A simple architecture diagram is shown below, which comes from the RAG open source framework LlamaIndex, which is also used as the application framework by Mate.

To understand the RAG concepts, it is recommended to read the original article, which provides a detailed explanation of the diagram and the concepts. The article can be found at here.

The diagram below is detailed and clearer than the flowchart above. It comes from the Copilot group on Github, who also share their experience in making LLM apps in their blog:

4.1 RAG’s journey

The journey begins with a user’s question or query.

The user inputs a question/query into the GUI interface of the front-end (MS Teams for Mate). The back-end (Python code deployed in a VM) receives the query and converts it into a vector using an embedding model. For more information on embedding models, please refer to this article: https://huggingface.co/blog/getting-started-with-embeddings.

The query vector is then inputted into a pre-prepared vector database, which retrieves the most relevant chunks. Various vector databases are available, and this article on Vector Stores compares their performance. Compared to a standard database, this type of database can store extremely long arrays of vectors. It also supports various algorithms for comparing similarities between vectors, such as calculating a cosine value to extract the text that is most similar to a query. This process is known as Retrieval.

After extracting the relevant chunks from the database, it has to undergo additional processes, such as filtering and reordering. This step corresponds to the Augmented stage in RAG.
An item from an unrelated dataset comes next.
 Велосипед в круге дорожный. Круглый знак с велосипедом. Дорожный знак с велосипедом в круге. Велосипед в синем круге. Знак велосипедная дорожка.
We now have the user’s query in one hand and the relevant chunks from the database in the other. Next, we will input them into the prompt template so that the LLM can detect them correctly.

It is important to note that different LLMs use various system prompts for training, for example, the Llama2 model uses <s>[INST] <<SYS>> (reference), while the dolphin model uses < system> <human> (ref). The system prompts greatly affect the results.

Finally, the LLM processes all the prompts and returns a response to the user.

5. About LLMOps

According to databricks, LLMOps primarily focuses on improving and deploying models to enhance the value of the core LLM for the product. For instance, a better LLM in the case of RAG enables the output to extract information from chunks in a more logical and precise way.

LLMOps is appealing to both medium and large teams or companies due to their possession of ample private data and financial resources. They aim to enhance the effectiveness of their products through a stable and efficient process.

In contrast, LLMOps may not be as attractive to smaller teams. The reason for this is that the open source community has provided models with sufficient performance, while more and more important work has focused on processing the input information, e.g. how to get the chunks correctly, how to generate useful meta-information, or how to use better prompts.

For a project that is progressively growing from small to large, it is necessary to first improve performance outside of LLM. If a bottleneck in system performance is reached, such as LLM not providing correct feedback, generating hallucinations, or requiring subtle optimizations such as changes in LLM’s speech tone, it is necessary to address these issues in order to build an efficient LLMOps.

6. Summary

This short article introduces the development and use of LLM, showing the structure of RAG and how it relates to LLM. The length of the article is limited, for more detailed information please refer to the videos and links in the article.